Dans Proliférations, Tsing montre comment notre mépris des liens et dépendances qui tissent le monde vivant a fini par produire des êtres paradoxaux, issus des milieux non colonisés, mais liés à nos destructions et dépendants de nos colonisations.

La caractéristique des espèces invasives, qu’elles soient exotiques ou non, est qu’elles ont été déliées de leurs écologies complexes pour se transformer en déluges vivants, alter egos impitoyables et agents zélés des activités conquérantes des humains, dévoratrices insatiables des mondes vivants, simplificatrices des paysages et des milieux, à l’instar de la machine économique qui leur a ouvert les voies d’une nouvelle écologie sauvage, appauvrie et chaotique, associée à la plantation.

Il ne s’agit donc pas de lutter « contre » des espèces qui seraient « mauvaises » ou « étrangères ». Mais de lutter, partout où cela reste possible, « aux côtés » des communautés vivante où la nature se conjugue au pluriel, où la robustesse du complexe l’emporte sur la brutalité de la simplification du vivant.

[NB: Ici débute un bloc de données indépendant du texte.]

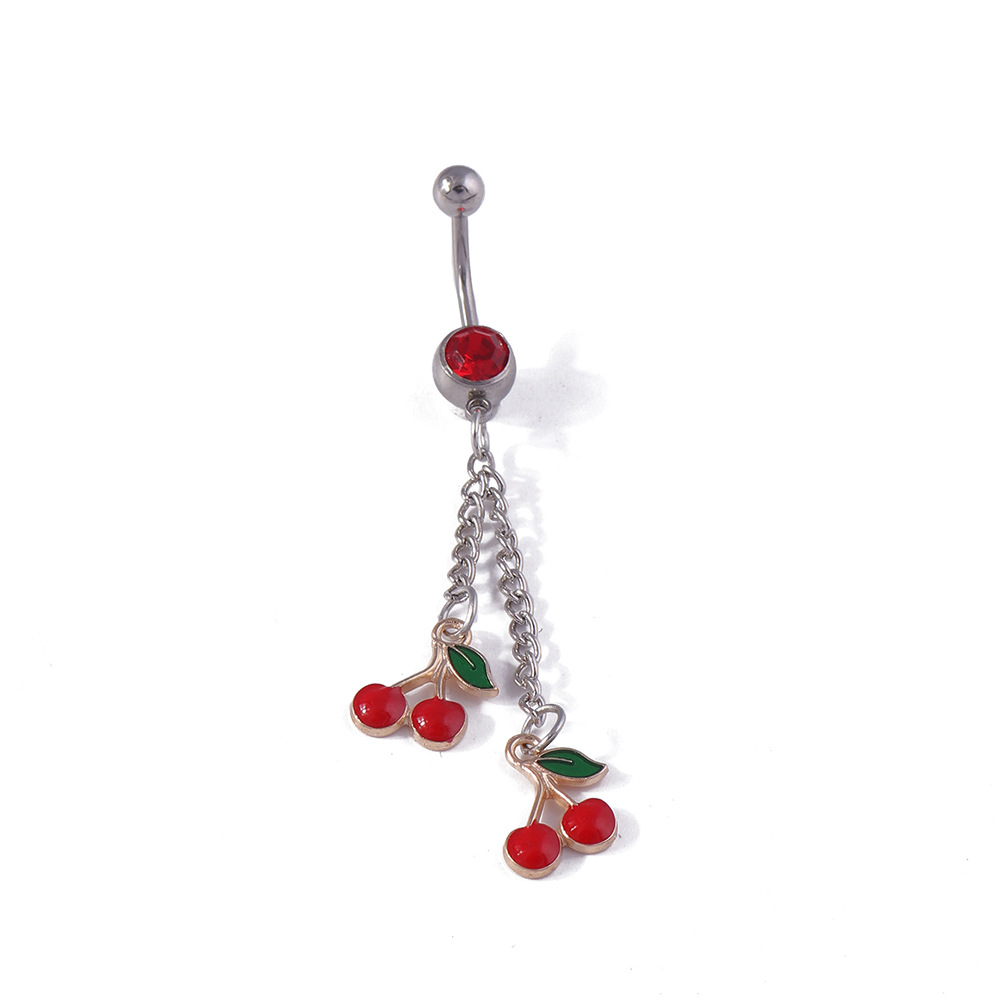 Cherry Belly Button Ring Cute Fruit Navel Piercing Jewellery_voghion.com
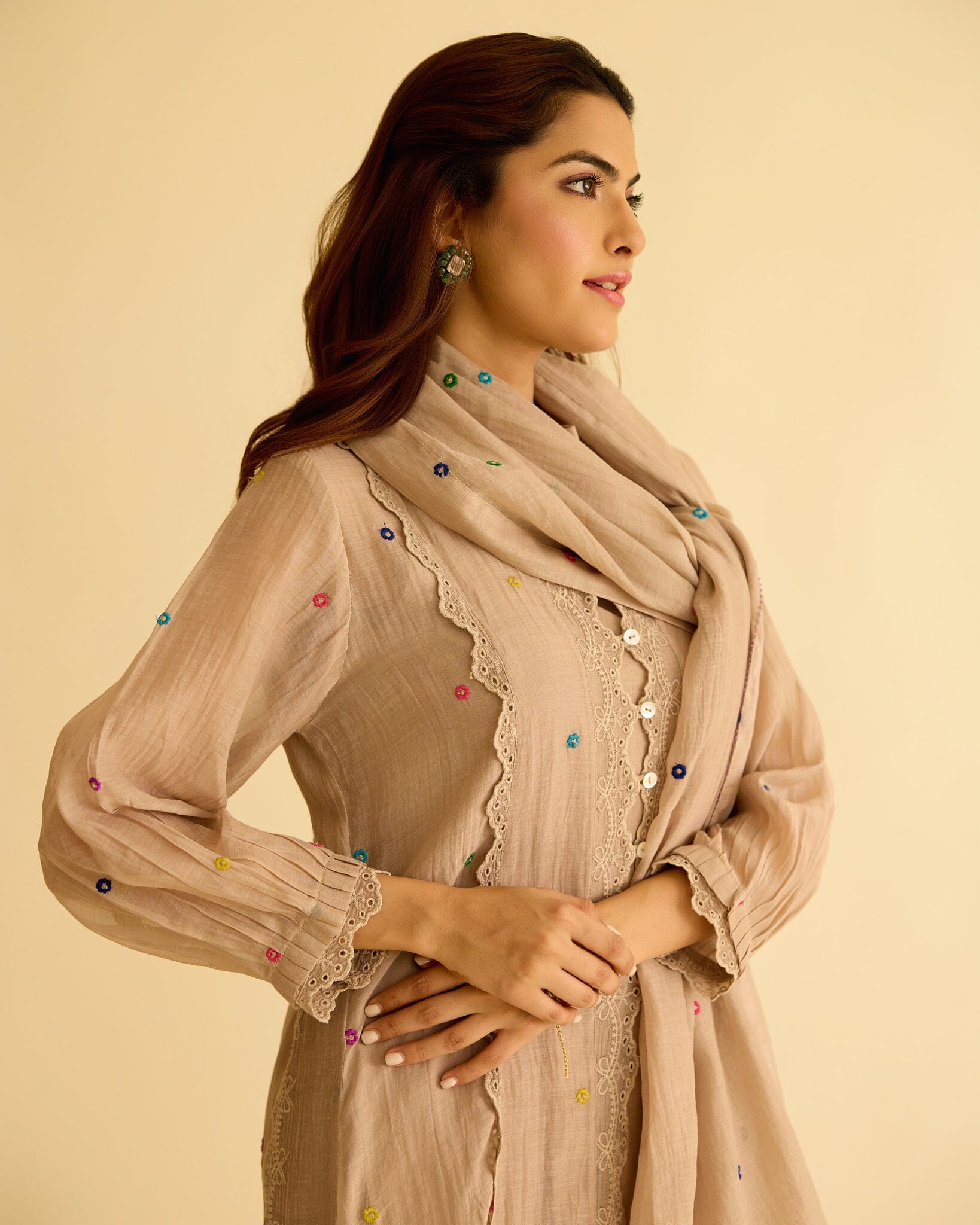 EUPHORIC FLOWER CHILD-SET OF 3(KURTA,PANT&DUPATTA) Naaz By Noor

Dans ce livre, qui contient trois textes et une préface d’Isabelle Stengers (c’est donc forcément un bon livre), Tsing poursuit la réflexion en suivant les traces de quelques champignons, ces êtres symbiotiques qui lui sont chers. Dans un de ces texte, Tsing oppose deux écologies entrelacées, deux modèles d’interactions entre les humains et les non-humains. Dans le premier, qui caractérise les 10.000 ans précédant l’ère moderne, l’alternance de perturbations humaines et de résurgence forestière a permis une coexistence « soutenable » et une interdépendance « amoureuse » entre l’agriculture et les écologies multi-espèces. Dans le second, dominé par la plantation, un cercle vicieux s’installe entre monoculture et proliférations invasives, où les humains et leurs espèces compagnes provoquent une accélération des destructions écologiques. (« Alors que le monde devient une « Plantation », des agents pathogènes virulents prolifèrent »). Quant au dernier texte, il propose une audacieuse histoire enchevêtrée des champignons et des formes de vie nomades et patriarcales, questionnant subtilement la domestication et ses formes sociales.

Quand la fée Tsing fait tinter ses résonnances entre nature et culture, entre sauvagerie et capitalisme, on tourne les pages. Car sa pensée des marges s’insinue en nous comme un champignon au mycélium psychotrope. Symbioses.

ANNA L. TSING. Proliférations. Wildproject, 2022.